Si on peut loger des clandestins dans des châteaux renommés, où ils seront habilement préparés pour les troubles à venir, les sans-dents français, eux, attendront. Ou plutôt périront. Depuis deux décennies, une nouvelle guerre de classe urbaine se déploie dans les métropoles. Bienvenue dans la « ville dissuasive ».
- La ville dystopique de Fritz Lang, cauchemar devenu réalité (Métropolis, 1927)

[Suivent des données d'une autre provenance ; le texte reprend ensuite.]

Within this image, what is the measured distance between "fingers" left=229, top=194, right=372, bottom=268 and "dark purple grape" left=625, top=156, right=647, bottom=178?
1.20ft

Vous connaissiez peut-être le sur-arrosage programmé des parcs et des jardins publics en fin de journée ? En détrempant le sol, il devient inutilisable par les sans-abri la nuit venue. Le nec plus ultra de l’urbanisation capitaliste : le mobilier urbain anti-SDF. La mode est à l’investissement dans une esthétique sécuritaire. Il s’agit de confier à des artistes du design la réalisation de bancs publics dont le cahier des charges réduit le banc au seul usage de s’asseoir : bancs sans dossiers, à l’assise modelée, indissociables de leur fonction première.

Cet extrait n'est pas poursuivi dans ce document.